1. A method for quantifying at least one sympathetic response on the face, the method comprising measuring signals from at least one facial region selected from the group consisting of supraorbital, periorbital, and maxillary regions.
- View Dependent Claims (2, 3, 4, 5, 6, 7)
- - 2. The method of claim 1 wherein said sympathetic responses are quantified through measurement of at least one selected from the group consisting of blood flow in the facial/ophthalmic arteriovenous complex, blood flow in the supraorbital area, perspiration in the supraorbital area, and perspiration in the maxillary area.
  - 3. The method of claim 2 comprising obtaining at least one measurement via thermal imaging.
  - 4. The method of claim 2 comprising obtaining of at least one corroborating probe signal selected from palm perspiratory signals extracted through GSR, thermal signals extracted through thermistor sensors, and breathing signals extracted through a piezo-respiratory belt transducer.
  - 5. The method of claim 4 wherein at least one of the corroborating probe signals is synchronized with the measurement via thermal imaging.
  - 6. The method of claim 2 wherein the at least one sympathetic response is quantified through wavelets analysis.
  - 7. The method of claim 6 comprising a multi-resolution wavelets approach.

8. A method for modeling Galvanic Skin Response (GSR) signal data, the method comprising:
- segmenting the signal data; and
  
  approximating each segment using a mathematical function.
- View Dependent Claims (9, 10, 11, 12, 13)
- - 9. The method of claim 8 wherein at least one of the curve segments is further divided into one or more subsegments.
  - 10. The method of claim 8 wherein approximation by mathematical functions is performed separately for each curve segment, each subsegment, or both.
  - 11. The method of claim 10 wherein the mathematical function is selected from the group consisting of Laplace distribution functions, Gaussian distribution functions, Lorentzian distribution functions, Delta distribution functions, exponential functions, and linear functions.
  - 12. The method of claim 11 wherein the mathematical function is a truncated form.
  - 13. The method of claim 8 wherein each segment is further segmented into a Left Subsegment, a Right Subsegment, and a Left Stimulus Onset Subsegment.

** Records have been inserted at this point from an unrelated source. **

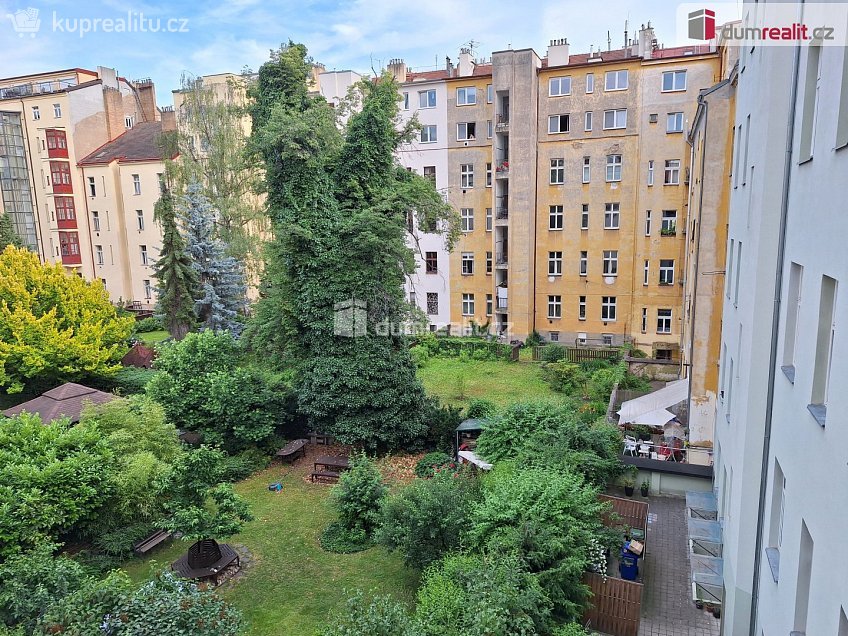 Pronájem bytu 3+kk 72 m^2 Chodská, Praha 2 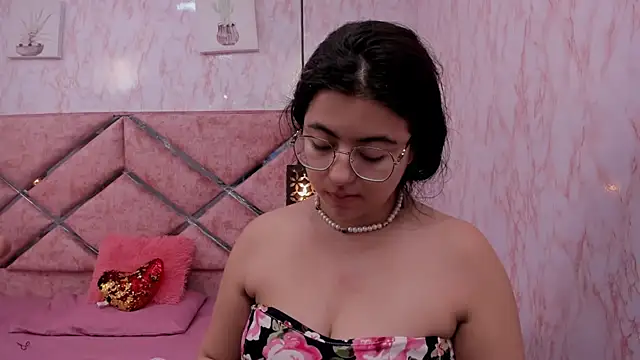 Snapshot of Dolls_Antonella chatting on 05-30-26, 11:27 Dolls Antonella online show from 05-30-26, 11:27
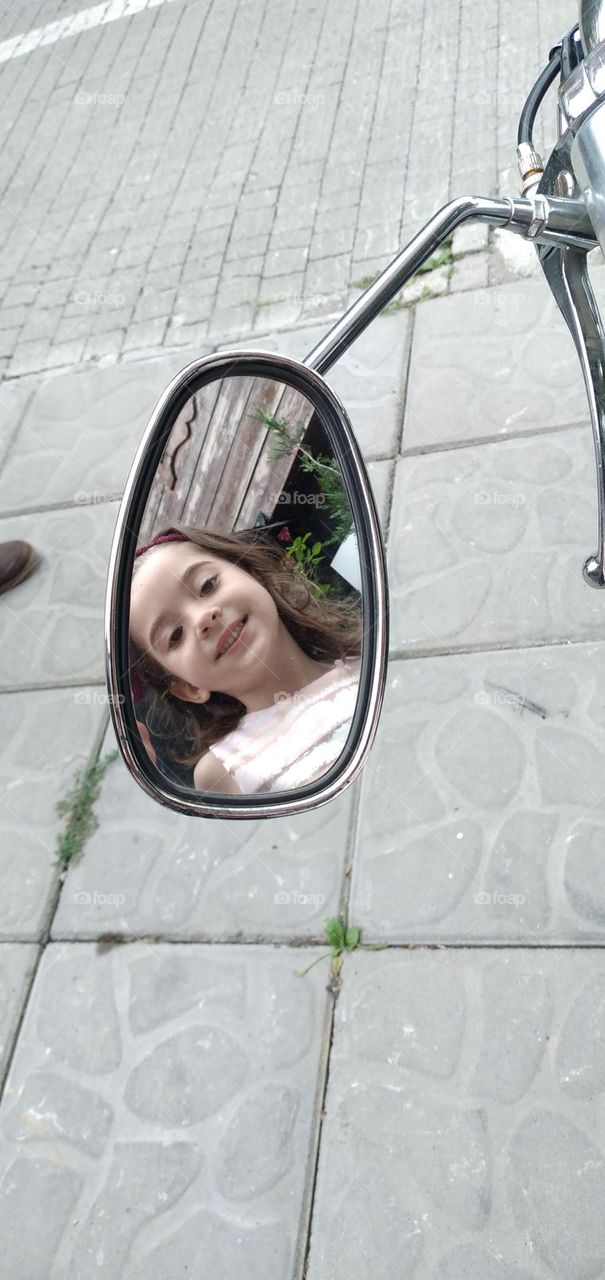 mirror girl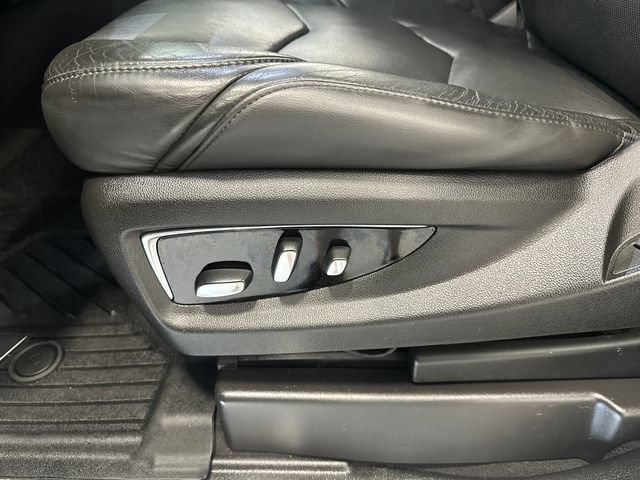 Used 2019 Cadillac Escalade Luxury AWD/4WD image 20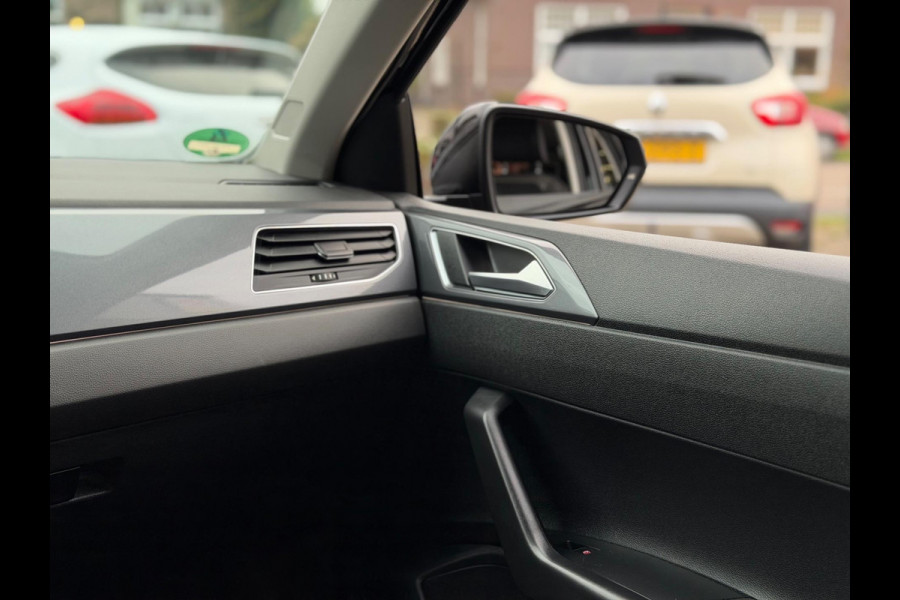 Volkswagen Polo 1.0 TSI Highline Business R 2018 NAVI NAP!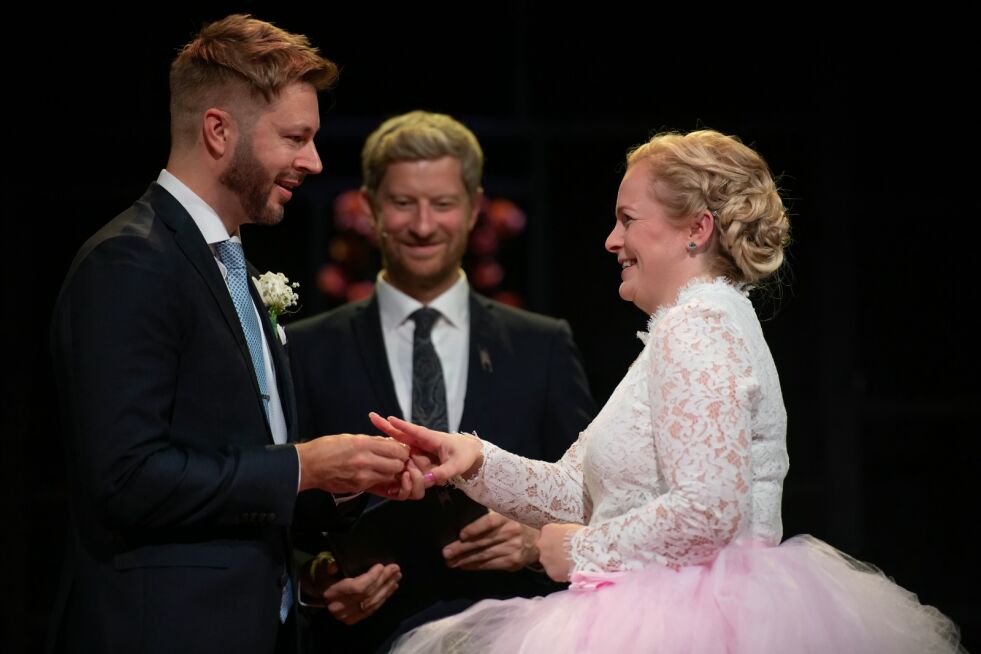 Brudeparet Nina Løvdok (36) og Tor Larsen (36) fra Drammen var svært fornøyd med seremonien på Oslo Nye Centralteatret.
 Foto: Lars Opstad / Oslo Nye Teater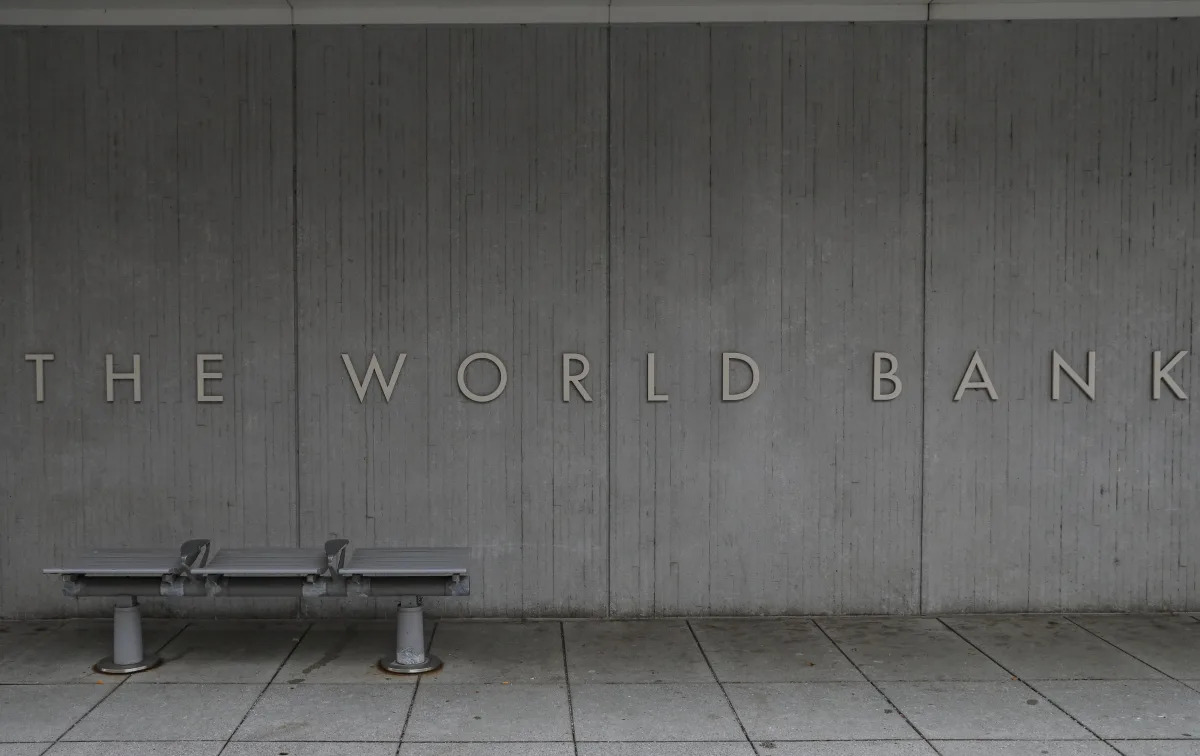 Featured image for "World Bank Forecasts Soft Landing for Global Economy in 2024 Amid Energy Price Surge Warning"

14. A method for localizing and/or comparing the phasic and tonic response components of at least one physiological channel selected from the group consisting of blood flow in the facial/ophthalmic arteriovenous complex, blood flow in the supraorbital area, perspiration in the supraorbital area, and perspiration in the maxillary area, the method comprising determining local maxima in the wavelet energy curves of signals obtained from the at least one physiological channel.
- View Dependent Claims (15, 16, 17)
- - 15. The method of claim 14 wherein the wavelet energy curves are determined using a Continuous Wavelet Transform (CWT) with a Daubechies-10 mother wavelet.
  - 16. The method of claim 15 further comprising determining if the local maxima correspond to phasic or tonic responses.
  - 17. The method of claim 16 further comprising comparing the relative contributions of phasic and tonic responses in at least one signal.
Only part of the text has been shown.